» **YOUR TASK**: Your copy starts at the line containing "Women Beige Striped" and ends at the last line of the material below. Reproduce those lines exactly, with no pictures.

» **SUPPLIED RECORDS**:
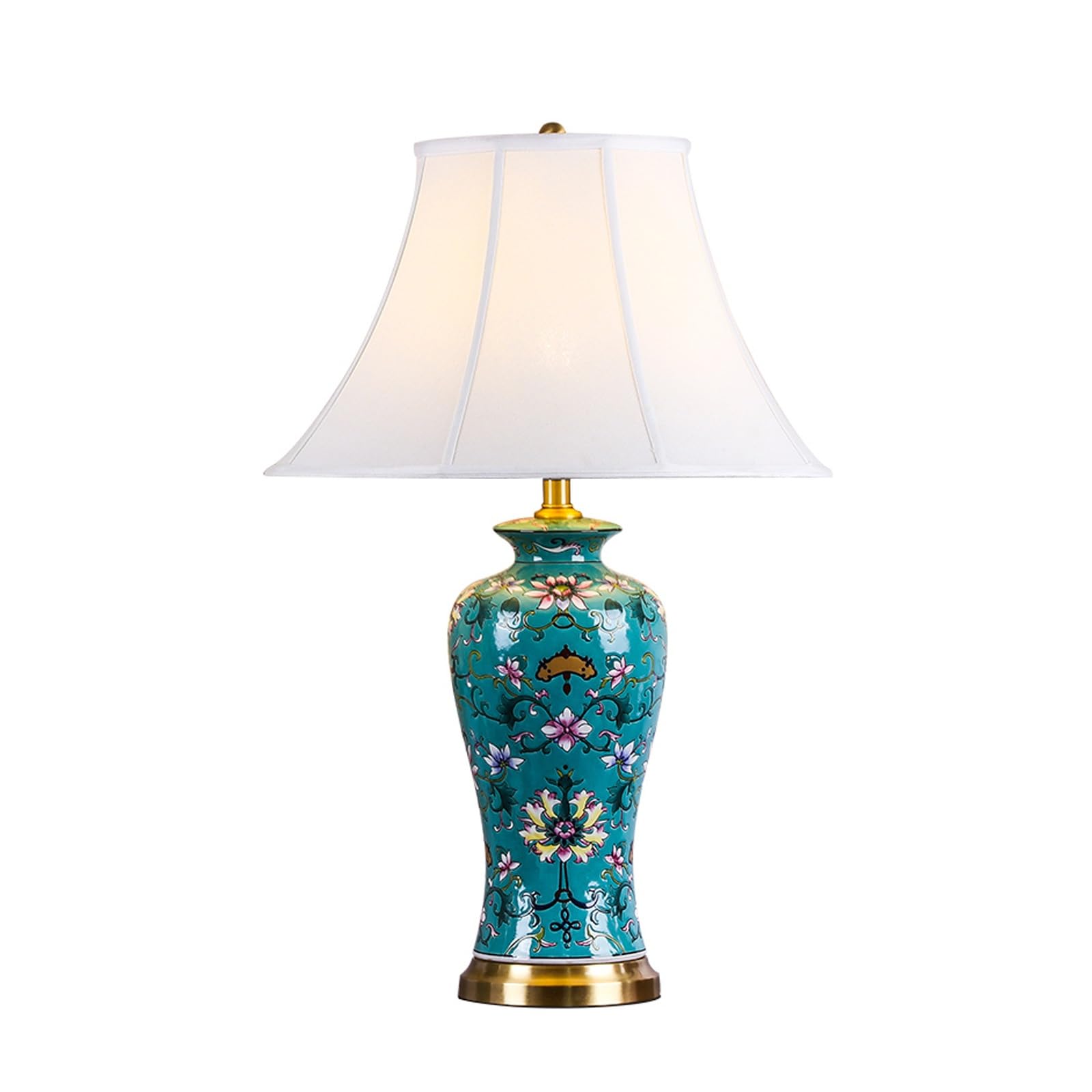 Lampa Stołowa, Ceramiczna Lampa W Stylu Amerykańskim Do Salonu - Lampka Nocna Z Lnianym Abażurem, Lampka Nocna Do Sypialni, Lampka Nocna Z Przyciskiem, Pilot Zdalnego Sterowania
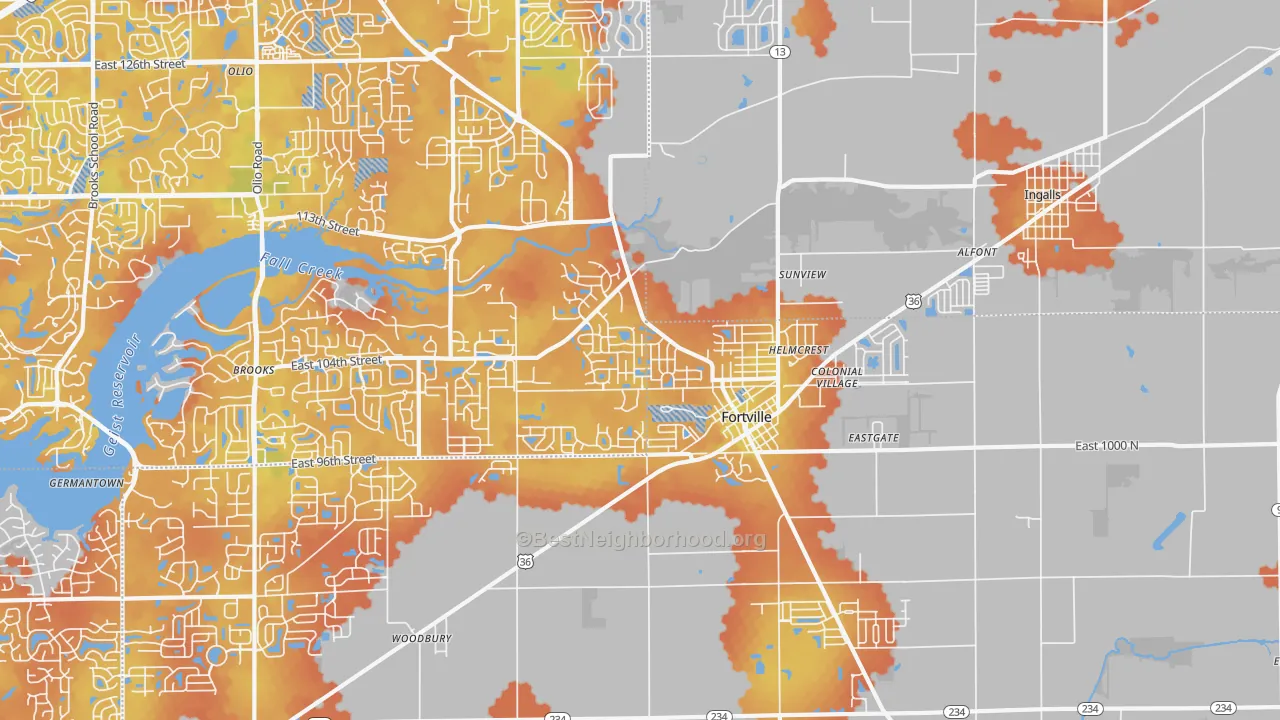 Bike Grade map of 46040, IN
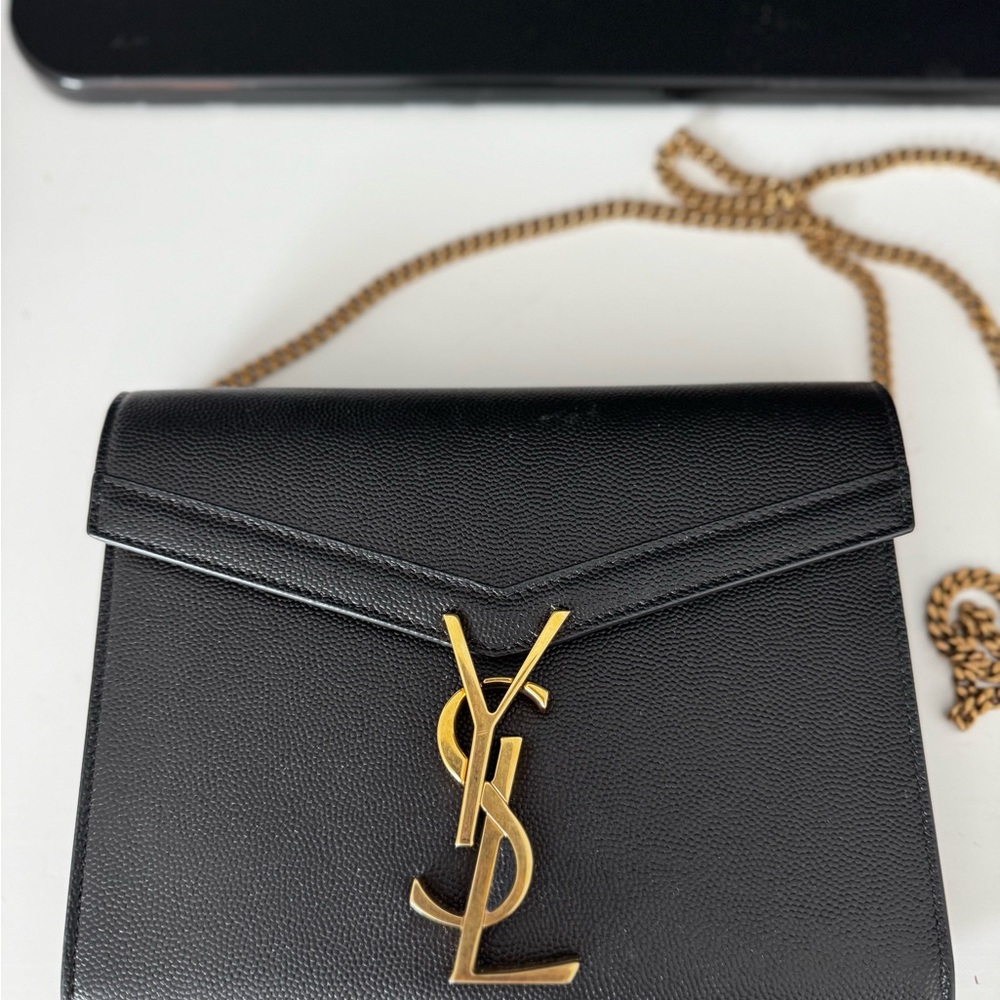 Yves Saint Laurent Black Crossbody Bag with Gold Chain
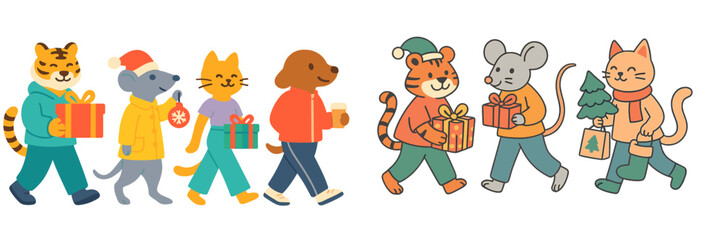 Naklejka premium Cute animals celebrating winter festivities with gifts and decorations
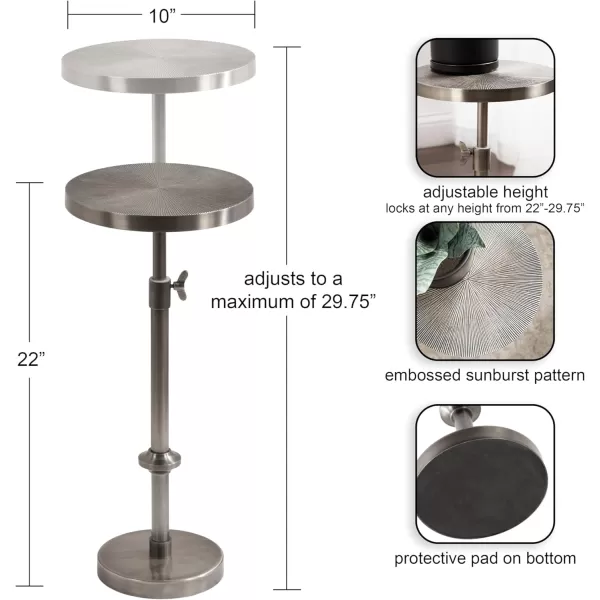 imageKate and Laurel Engles Traditional AdjustableHeight Pedestal Drink Table 10 x 10 x 30 Bronze Vintage Round Indoor Metal Plant Stand with Embossed Sunburst PatternSilver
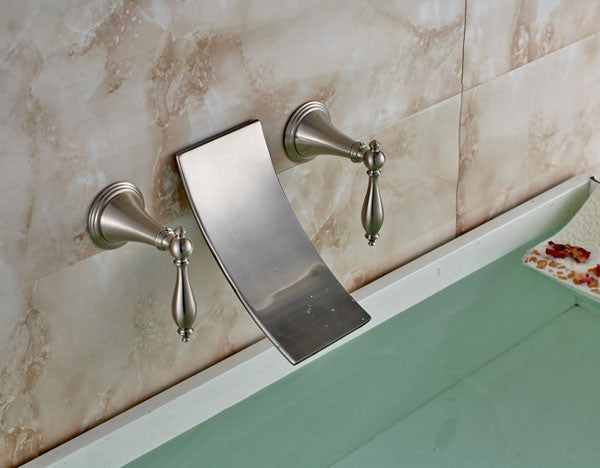 Brushed Wall Mount Bathroom Bath Sink Waterfall Dual Handl Faucet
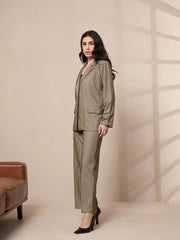 Women Beige Striped Front Button Blazer With Straight Pants-SFJCKT6945_SFPANT50904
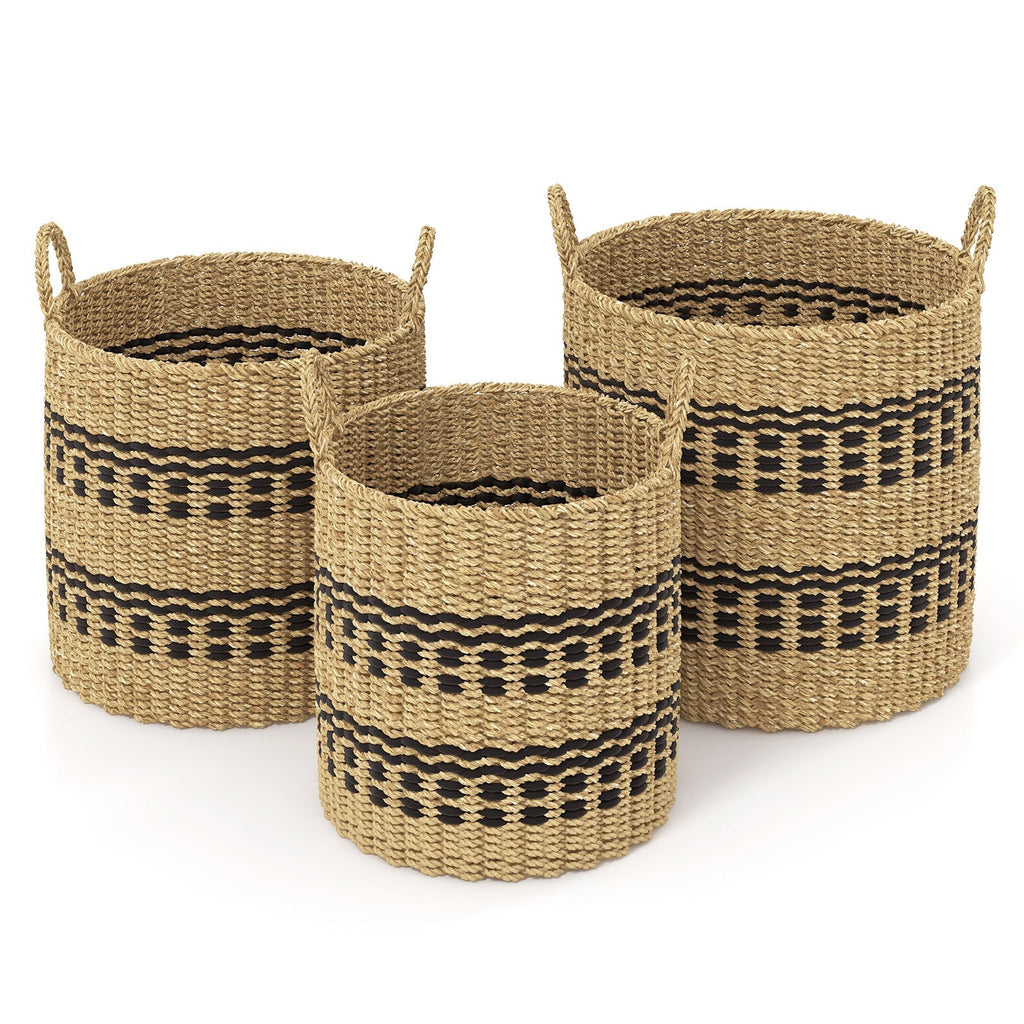 Seagrass Basket Set of 3 Stackable Storage Bins with Handles Woven Round Basket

» **RESPONSE FOR THIS EXERCISE**:
 Women Beige Striped Front Button Blazer With Straight Pants-SFJCKT6945_SFPANT50904
 Seagrass Basket Set of 3 Stackable Storage Bins with Handles Woven Round Basket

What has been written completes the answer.